- What you should do -
Please write out only the lines from the line with "Jordan 1 Retro" to the line with "斯普利特Perimar Luxury Apartments", inclusive, exactly as they stand below, without the pictures.

- Source data -
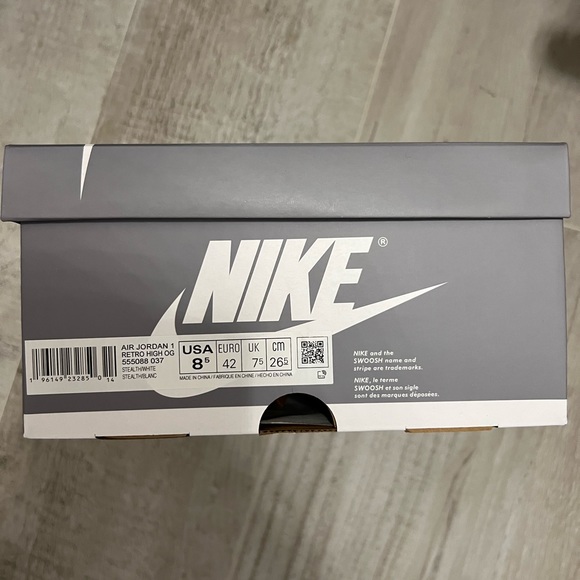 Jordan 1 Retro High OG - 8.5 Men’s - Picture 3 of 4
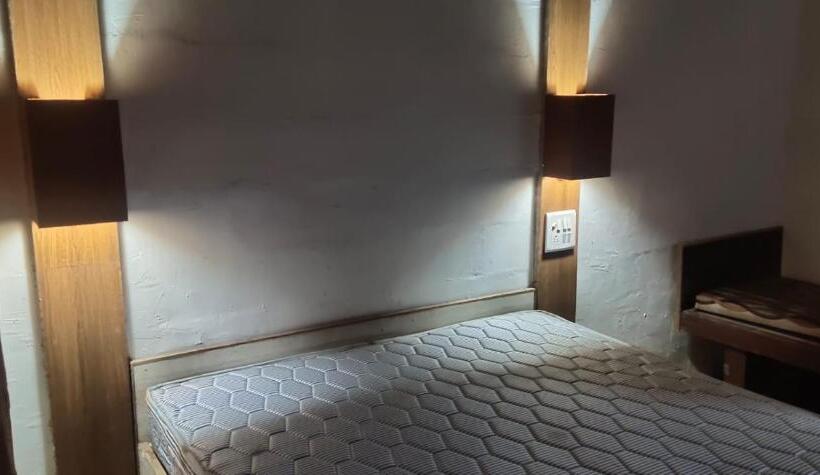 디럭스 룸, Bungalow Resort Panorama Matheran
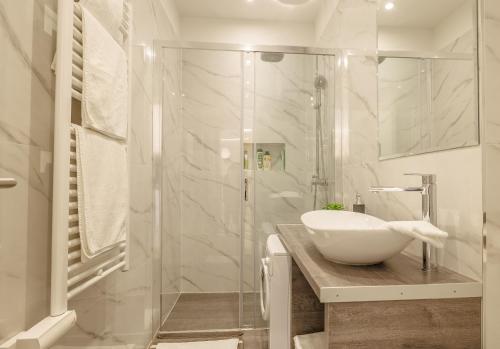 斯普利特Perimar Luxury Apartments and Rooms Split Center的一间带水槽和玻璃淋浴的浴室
---
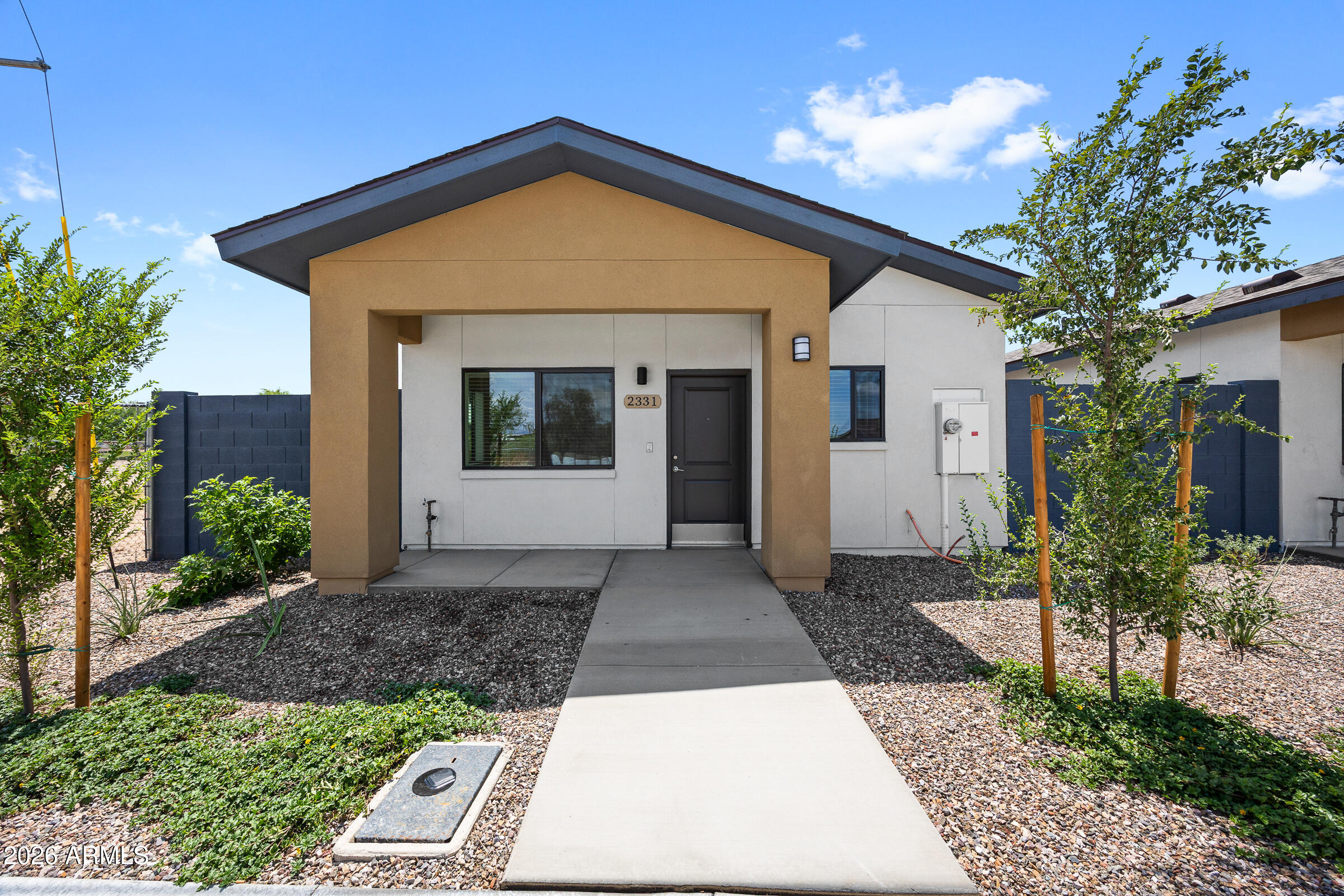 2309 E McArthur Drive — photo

- Answer for the task -
 Jordan 1 Retro High OG - 8.5 Men’s - Picture 3 of 4
 디럭스 룸, Bungalow Resort Panorama Matheran
 斯普利特Perimar Luxury Apartments and Rooms Split Center的一间带水槽和玻璃淋浴的浴室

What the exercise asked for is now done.